La création de ce comité, toujours en place aujourd'hui, fut un résultat concret de la nouvelle convention collective. Pour la première fois, les joueurs obtenaient une voix dans la gestion de leur sport. La LNH prenait ainsi un tournant historique.

Le comité proposa des amendements majeurs aux règlements, tous entérinés par le Bureau des gouverneurs: extension des zones offensives, autorisation des passes franchissant deux lignes, implantation des tirs de barrage, encadrement plus serré de l'obstruction... La «nouvelle» Ligue nationale était née.

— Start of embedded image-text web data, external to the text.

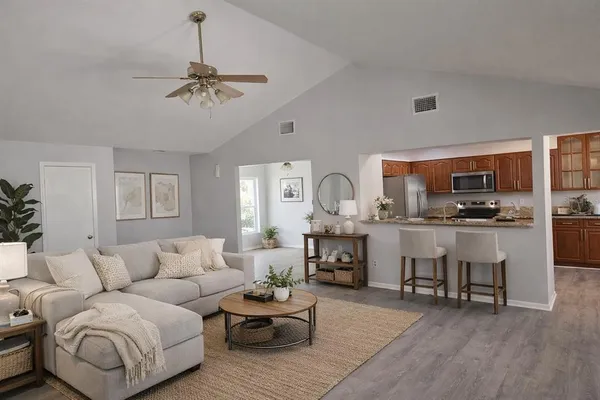 a living room with furniture and kitchen view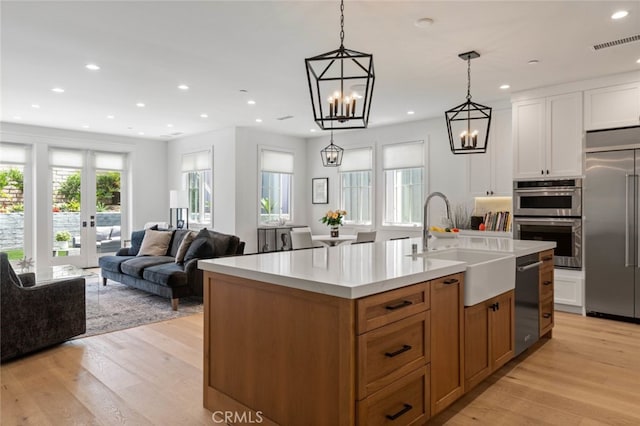 kitchen featuring an island with sink, appliances with stainless steel finishes, light wood-type flooring, pendant lighting, and sink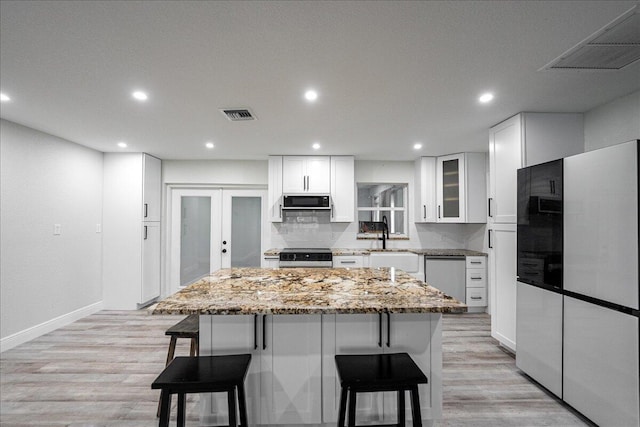 673 NE Horizon Ln, Port Saint Lucie, FL 34983 - kitchen featuring stainless steel appliances, a breakfast bar area, a center island, white cabinetry, and light stone counters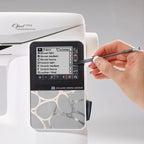 Close-up of Husqvarna Viking Opal 690Q touchscreen showing Exclusive Sewing Advisor fabric and technique settings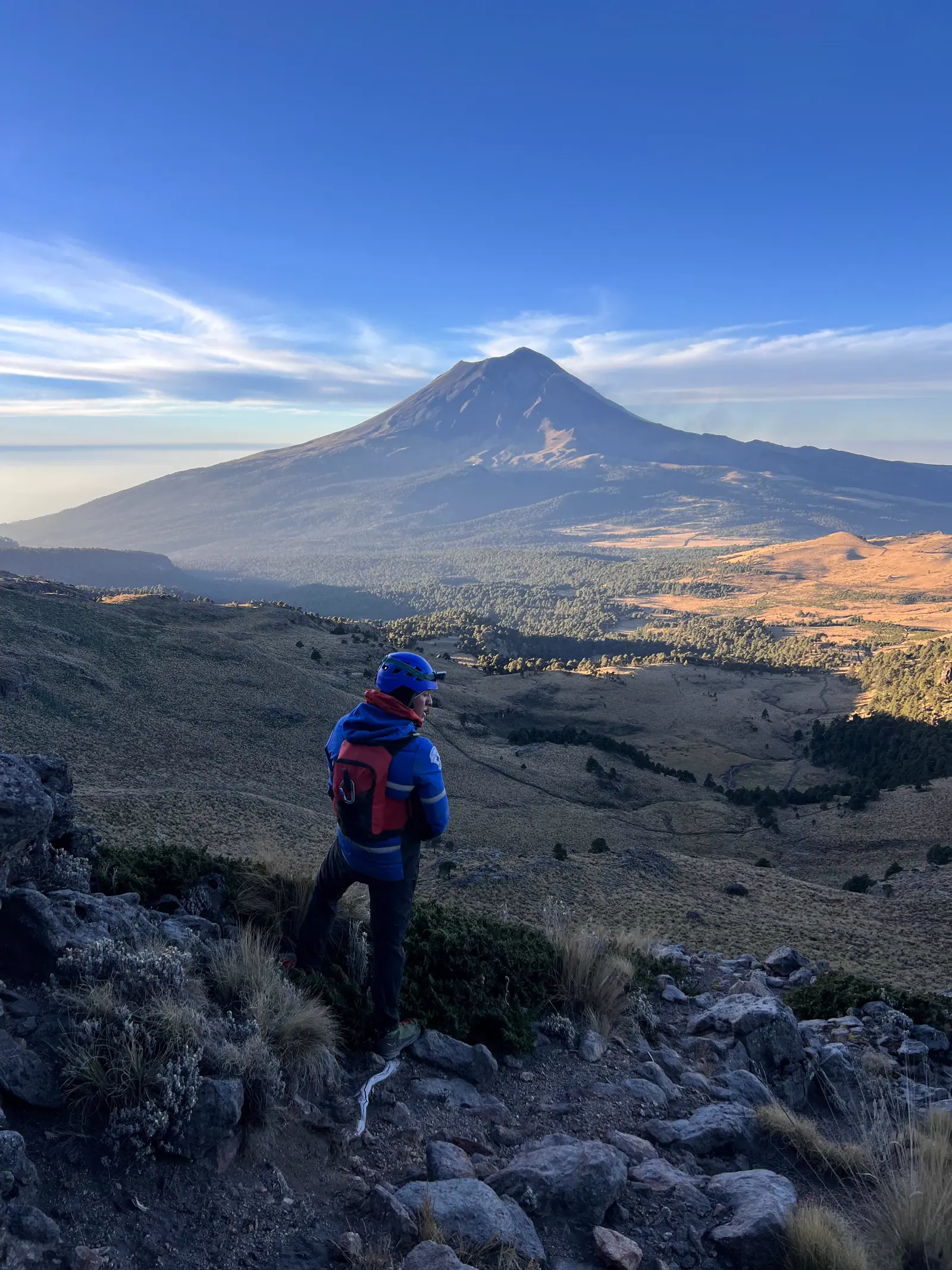 Excursionista mirando un volcán desde un mirador, con el valle de fondo.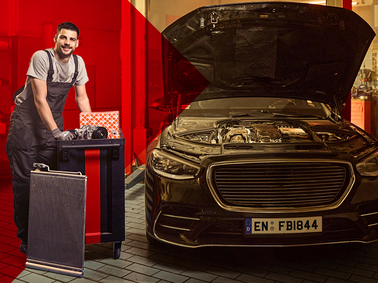 Mechanic in workshop with Air Conditioning products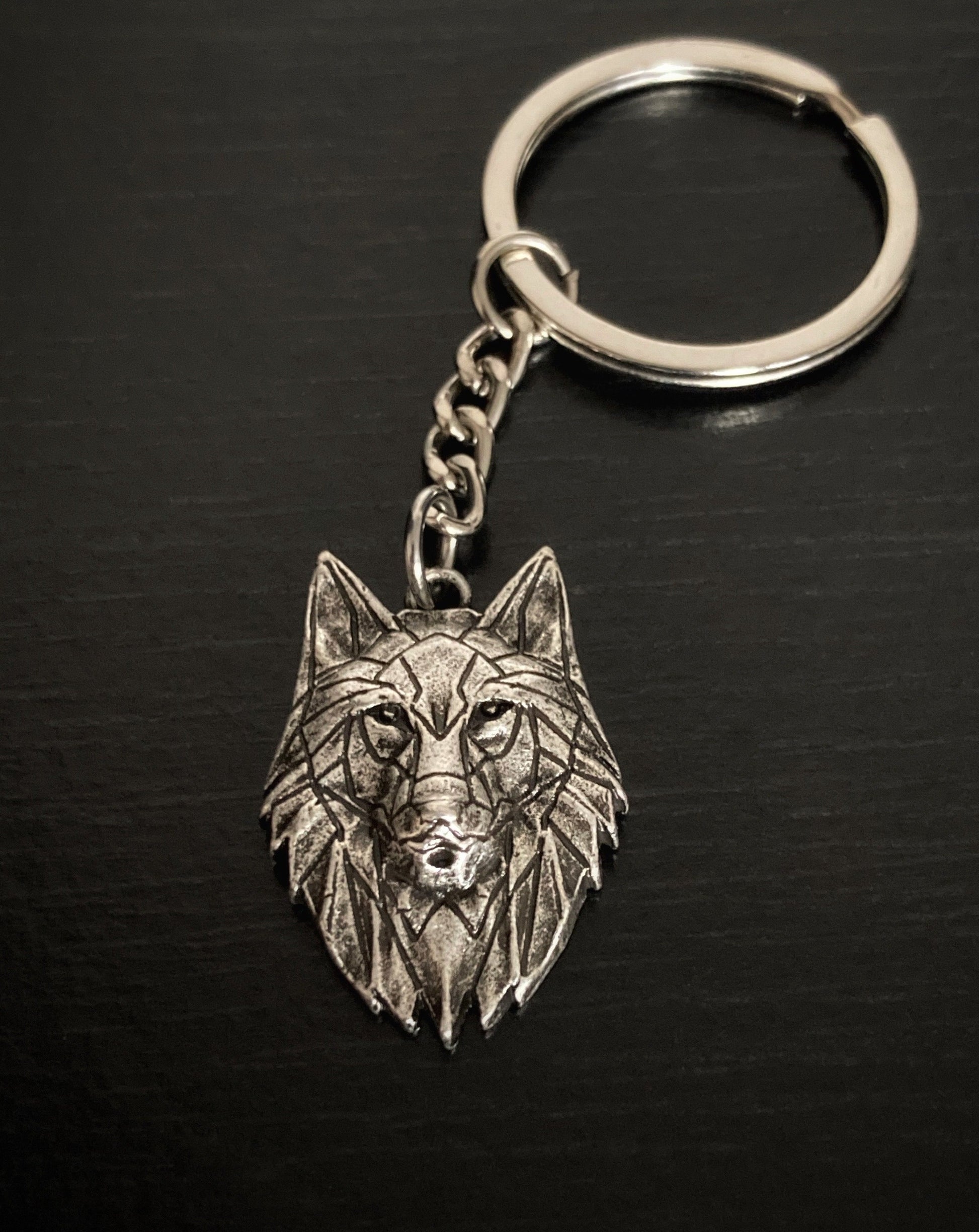 On view is a keyring that is silver in colour. It features a wolfs head with piercing eyes, markings all over its face and detailed fur around its head.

«Participer à ces travaux fut une grande source de satisfaction, dit Shanahan. Le défi était gigantesque.»

Après avoir défendu les intérêts des joueurs dans leurs négociations avec les propriétaires durant une bonne partie de sa carrière, Shanahan se retrouve soudainement de l'autre côté de la clôture.

«Je n'analyse pas les choses ainsi, dit-il. Je ne crois pas à la théorie du «eux» contre «nous». Nous devons travailler tous ensemble à l'amélioration de notre sport. Je veux jouer un rôle positif, pas prendre parti.»

Brendan Shanahan sera au coeur de l'action lors des festivités entourant le match des Étoiles, à Raleigh, en Caroline du Nord. Parions que ce ne sera pas la dernière fois.